WORK ORDER = For the entries below, print exactly the lines between the line holding "TEACH SKY-Vapor Wave Lessons" and the line holding "2013 Bowman #50 Albert Pujols NM-MT", inclusive, and nothing else.

EXERCISE MATERIALS =
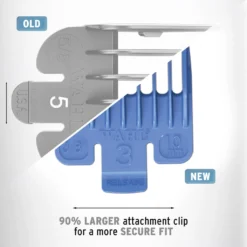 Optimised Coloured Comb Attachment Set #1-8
...
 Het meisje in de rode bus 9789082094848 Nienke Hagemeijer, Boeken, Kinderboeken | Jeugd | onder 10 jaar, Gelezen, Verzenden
* * *
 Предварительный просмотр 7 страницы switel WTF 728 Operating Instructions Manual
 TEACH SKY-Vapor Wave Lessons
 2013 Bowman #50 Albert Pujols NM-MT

REPLY =
 TEACH SKY-Vapor Wave Lessons
 2013 Bowman #50 Albert Pujols NM-MT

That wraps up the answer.